En el marco del Día Internacional del Trabajo, la Defensoría del Pueblo alertó que Colombia sigue siendo uno de los países más peligrosos para la actividad sindical. Entre 1971 y 2020 se documentaron 15.245 actos de violencia contra el movimiento sindical, de los cuales 3.395 casos estuvieron dirigidos específicamente contra mujeres.

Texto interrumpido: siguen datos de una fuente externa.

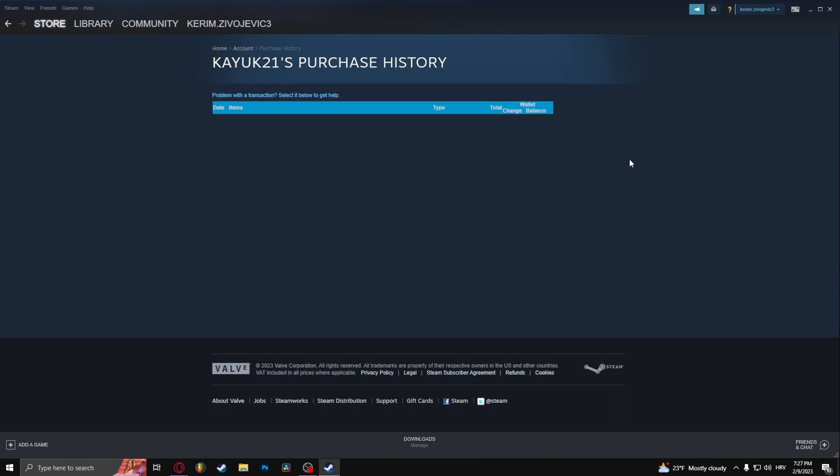From here you should be able to see your entire purchase history. Now if you bought something and it's not here, it's probably because you bought it on some sort of discount that wasn't directly attributed by Steam.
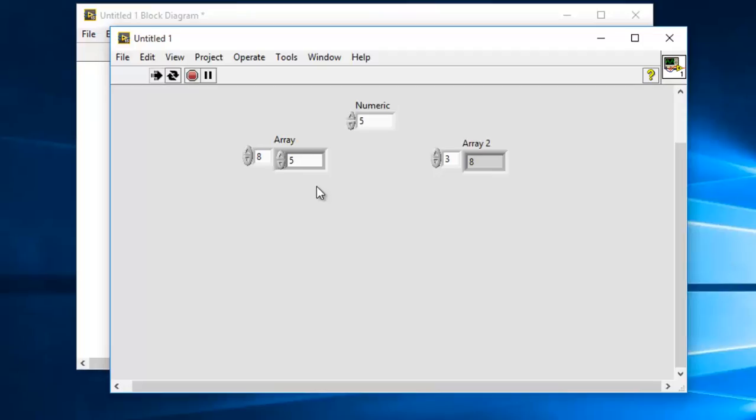That is how you extract the indices of the matching element from an array, or search for an element and return multiple indices in an array. I hope it was useful.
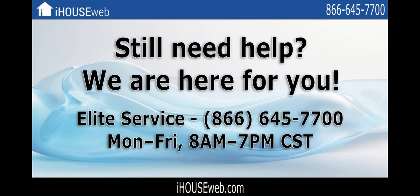Most importantly, if you still need help or just have questions, please let us know. We'd be more than happy to help you. Give our elite service team a call at 866-645-7700. We're open Monday to Friday, 8 a.m. to 7 p.m. Central Time.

Estas agresiones incluyen violencia basada en género, amenazas contra sus familias, violencia sexual y la deslegitimación de su liderazgo. Ante esta situación, la entidad demandó acciones inmediatas para garantizar la vida, la integridad y el ejercicio pleno de los derechos de las líderesas sindicales.
Aunque existen 496.558 mujeres afiliadas a sindicatos en el país, su participación en espacios de decisión de las centrales sindicales alcanza apenas el 36%. Además, solo el 4,6% de la fuerza laboral está organizada, lo que evidencia barreras estructurales para la libertad sindical.
En esta fecha, la Defensoría recordó el legado de María Cano, conocida como “La Flor del Trabajo”, figura histórica que impulsó la jornada de las “ocho horas” y defendió los derechos de los trabajadores a principios del siglo XX. Su ejemplo, aseguraron, sigue vigente para inspirar una sociedad más justa e igualitaria.
La entidad formuló varios retos prioritarios: eliminar la brecha salarial, erradicar el acoso laboral, promover políticas inclusivas y fortalecer el rol de la mujer en la negociación colectiva. Finalmente, hizo un llamado al Estado, empresas y sociedad para garantizar entornos seguros y proteger el derecho a la organización sindical.